- Task to complete
Only some lines are wanted. Transcribe, exactly, the lines below from the line with "Caderno Espiral Notebook" up to and including the line with "The rich ne".

- Supplied records

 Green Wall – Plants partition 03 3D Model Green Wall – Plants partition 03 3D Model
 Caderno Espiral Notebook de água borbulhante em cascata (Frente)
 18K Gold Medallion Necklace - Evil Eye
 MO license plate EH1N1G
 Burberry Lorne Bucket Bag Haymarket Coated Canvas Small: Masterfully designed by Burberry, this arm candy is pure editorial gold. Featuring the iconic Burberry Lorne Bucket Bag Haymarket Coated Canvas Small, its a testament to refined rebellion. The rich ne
...
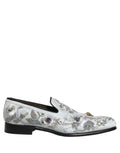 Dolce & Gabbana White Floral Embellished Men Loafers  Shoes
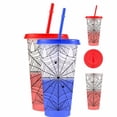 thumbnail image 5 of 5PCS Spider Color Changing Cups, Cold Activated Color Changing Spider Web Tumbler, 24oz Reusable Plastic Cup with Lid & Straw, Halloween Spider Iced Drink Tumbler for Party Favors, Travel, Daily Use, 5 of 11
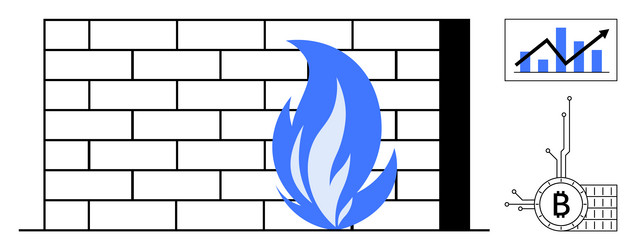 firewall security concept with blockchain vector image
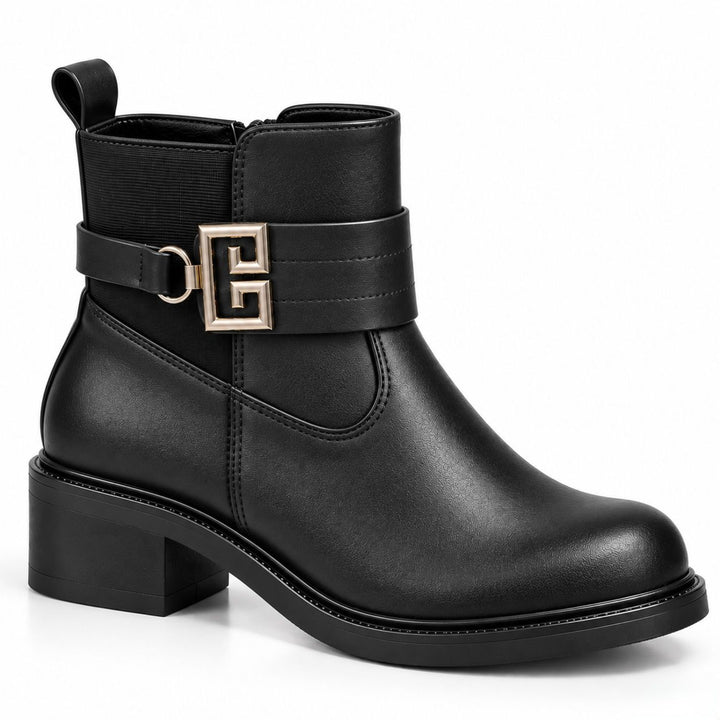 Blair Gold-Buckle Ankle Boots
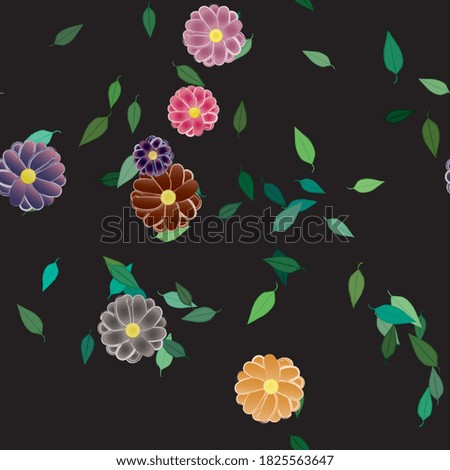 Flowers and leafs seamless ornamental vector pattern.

- Reply
 Caderno Espiral Notebook de água borbulhante em cascata (Frente)
 18K Gold Medallion Necklace - Evil Eye
 MO license plate EH1N1G
 Burberry Lorne Bucket Bag Haymarket Coated Canvas Small: Masterfully designed by Burberry, this arm candy is pure editorial gold. Featuring the iconic Burberry Lorne Bucket Bag Haymarket Coated Canvas Small, its a testament to refined rebellion. The rich ne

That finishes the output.